Das Buch

So war es

Die ersten Jahre dreier junger ungarischer Flüchtlinge in der Schweiz

Im Dezember 1956 fliehen sechs ungarische Schüler infolge der Revolution, doch kommen in Österreich nur noch die drei Király-Geschwister und ein Freund an. Von dort aus gelingt es den zwei Király-Brüdern und ihrer Schwester Maria, Autorin dieses Buches und damals gerade 16 Jahre alt, in die Schweiz einzureisen.

Häufig gehen Briefe zwischen den Kindern und ihren in Ungarn gebliebenen Eltern hin und her, und immer bleibt die Hoffnung, sich eines Tages wiederzusehen …

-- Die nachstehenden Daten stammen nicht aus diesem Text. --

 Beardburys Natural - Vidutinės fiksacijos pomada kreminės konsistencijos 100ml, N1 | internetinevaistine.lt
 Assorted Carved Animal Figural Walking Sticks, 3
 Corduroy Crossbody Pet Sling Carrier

Maria Király erzählt in „So war es“ von der abenteuerlichen Grenzüberschreitung und ihren ersten Jahren in der Schweiz, wo es besonders ohne Sprachkenntnisse nicht leicht ist zurechtzukommen. Dieses Buch ist eine wahre Geschichte, ergänzt durch Aquarellbilder des Vaters Endre Király.

Für das Lernen interessierte sich Csuresz aber nicht. Er war im zweiten Jahr, als er wegen seiner Undiszipliniertheit vom Lehrer aus der Klasse geschickt wurde. Vor der Tür drehte sich Csuresz um und sagte etwas politisch Provozierendes. Der Satz verursachte riesige Empörung, der Lehrer zeigte ihn an und Csuresz wurde verhaftet, zu einem Jahr Zwangsarbeit verurteilt und aus allen Schulen des Landes endgültig ausgeschlossen. Nach einem Jahr kam Csuresz zurück nach Vác. Er musste aber weiterhin unter Polizei-Bewachung leben. Er schuftete irgendwo als Arbeiter.

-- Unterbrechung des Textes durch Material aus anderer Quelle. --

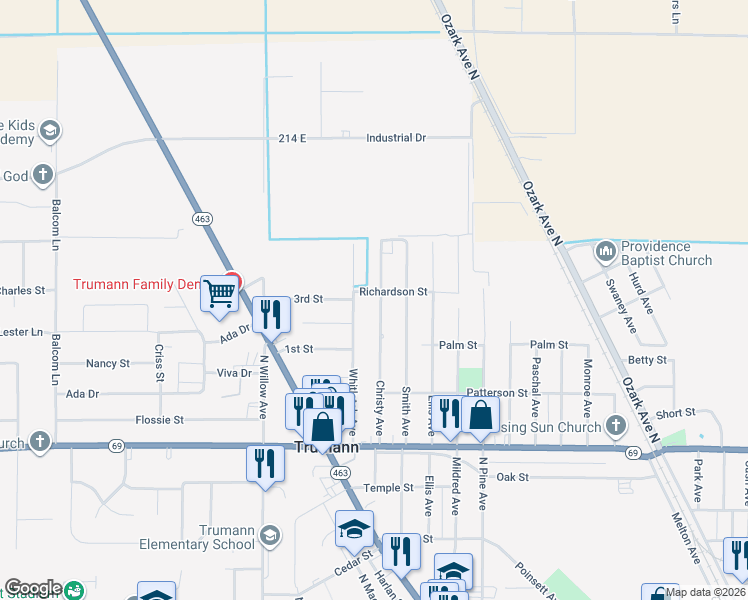 map of restaurants, bars, coffee shops, grocery stores, and more near 727 Christy Avenue in Trumann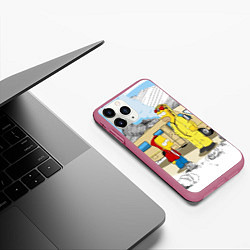 Чехол iPhone 11 Pro матовый Барт Симпсон и его папаша, цвет: 3D-малиновый — фото 2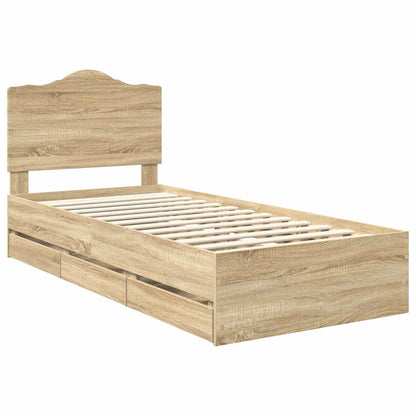 Bed Frame with Drawer Sonoma Oak 90 x 200 cm Engineer Wood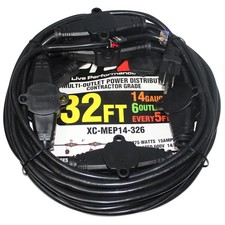 ProX XC-MEP14-326 32' 110V Male to 6 Socket 110V Female Power Cord 6 Outlet 14/3
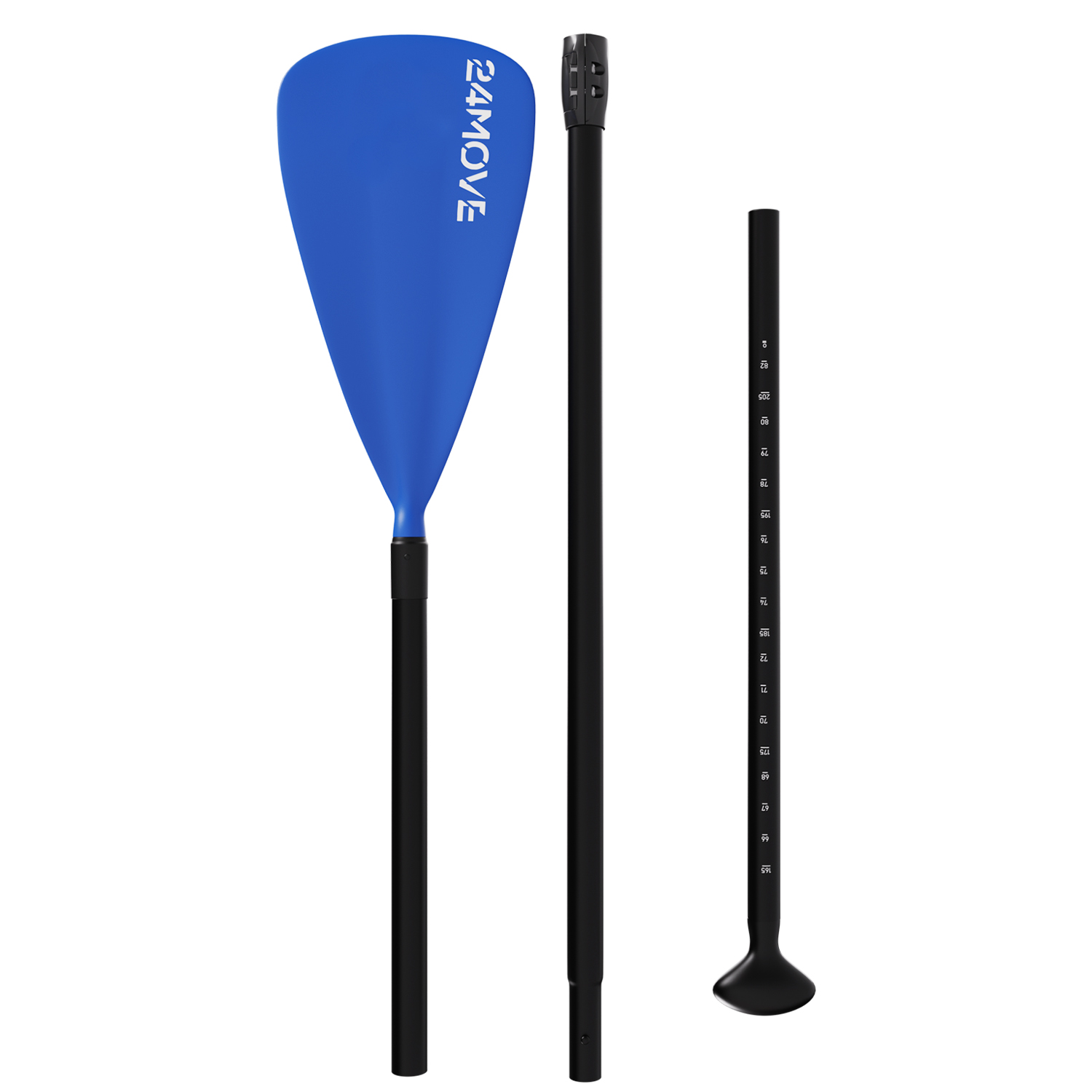 24MOVE® SUP Paddel Einzelpaddel ONDA Stechpaddel für SUP Stand Up Board, Kajak, leicht aus Aluminium, verstellbar blau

So wunderte ich mich nicht, dass er das Land verließ und nach Wien auswanderte. Ganz ehrlich gesagt war ich ein bisschen neidisch auf ihn. Ich wäre gern an seiner Stelle gewesen und hätte die glitzernden Schaufenster in Wien bewundert. Ich war gerade in einem Alter, in dem man alles entdecken möchte. Ich sehnte mich schon als 13- oder 14-Jährige danach, die Welt kennenzulernen.

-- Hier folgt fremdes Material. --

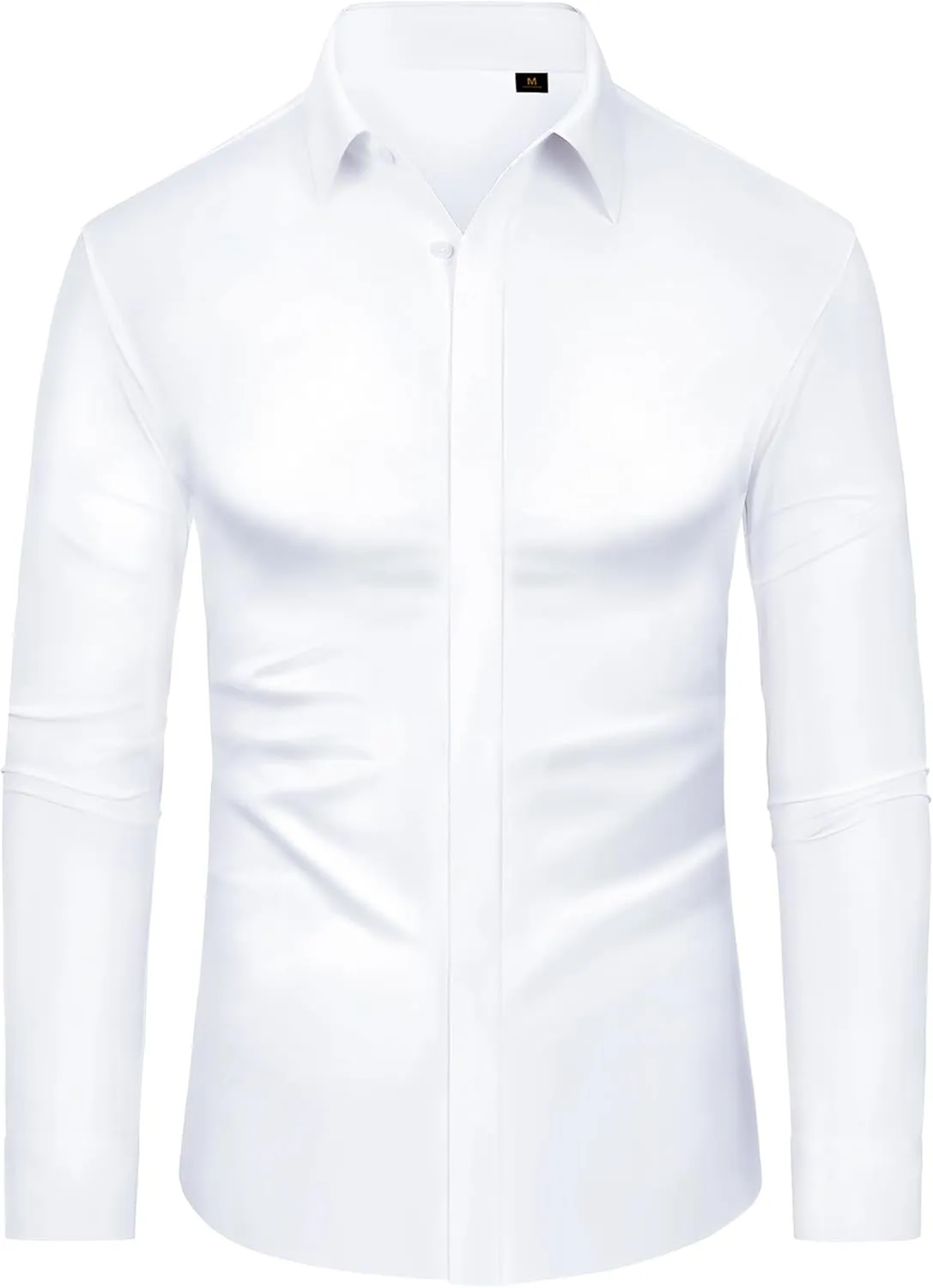 DEMEANOR Stretch Mens Dress Shirts Long Sleeve Slim Fit Dress Shirts for Men Button Down Dress Shirts Wrinkle Free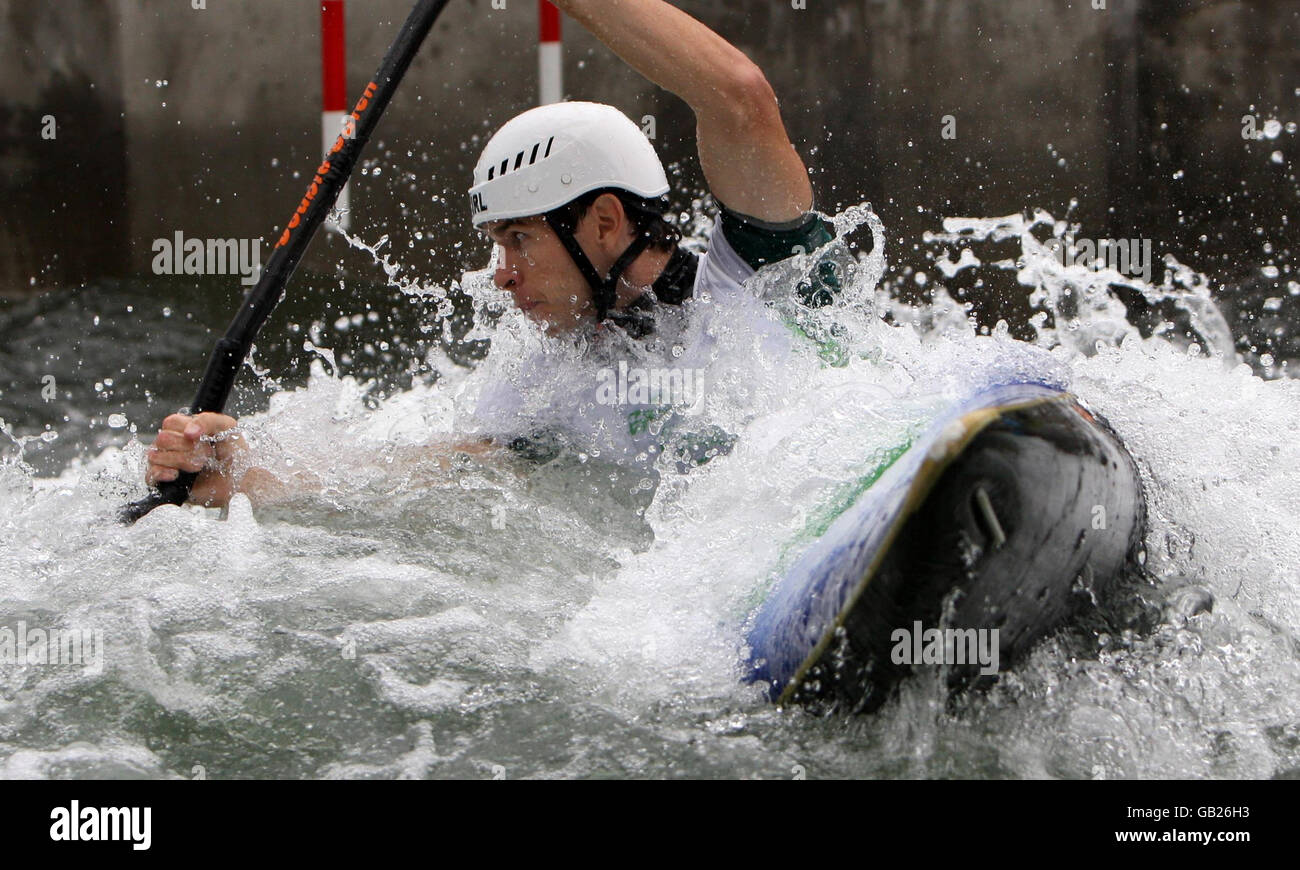 Ireland's Eoin Rheinisch during the Kayak (K1) heat at the 2008 Beijing Olympics Games in China. Stock Photo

Eines Tages bekamen wir von Tante Cécile eine bunte Ansichtskarte vom Genfer-See, die ich mit schmerzendem Herzen bewunderte. Mir war bewusst, dass ich diese wunderschöne Landschaft nie sehen würde, und fühlte mich wie in Gefangenschaft. Meine Teenager-Seele lehnte sich immer öfter gegen die geschlossenen Grenzen auf. Es kam vor, dass sich diese Auflehnung in scheinbar unmöglichen und naiven Aussagen offenbarte. Dies geschah auch im Sommer 1955, als ich zum Geburtstag ein paar Wanderschuhe bekam. Meine erste Wanderung mit Vati führte mich nach Magyarkút. Von diesem Tag habe ich nur behalten, dass wir zu zweit waren. Während des Spaziergangs sprachen wir über die Alpen, und ich sagte trotzig: „Siehst du, Vati, diese Schuhe werden bestimmt die Gipfel Europas besteigen!“

Noch heute sehe ich Vatis gütiges, zweifelndes Lächeln. Ich weiß nicht mehr, was er geantwortet hat, aber sein Gesicht werde ich nie vergessen. Es waren Zweifel und Hoffnung und auch etwas Versöhnliches darin, da dieser Satz damals wie naive Träumerei erschien.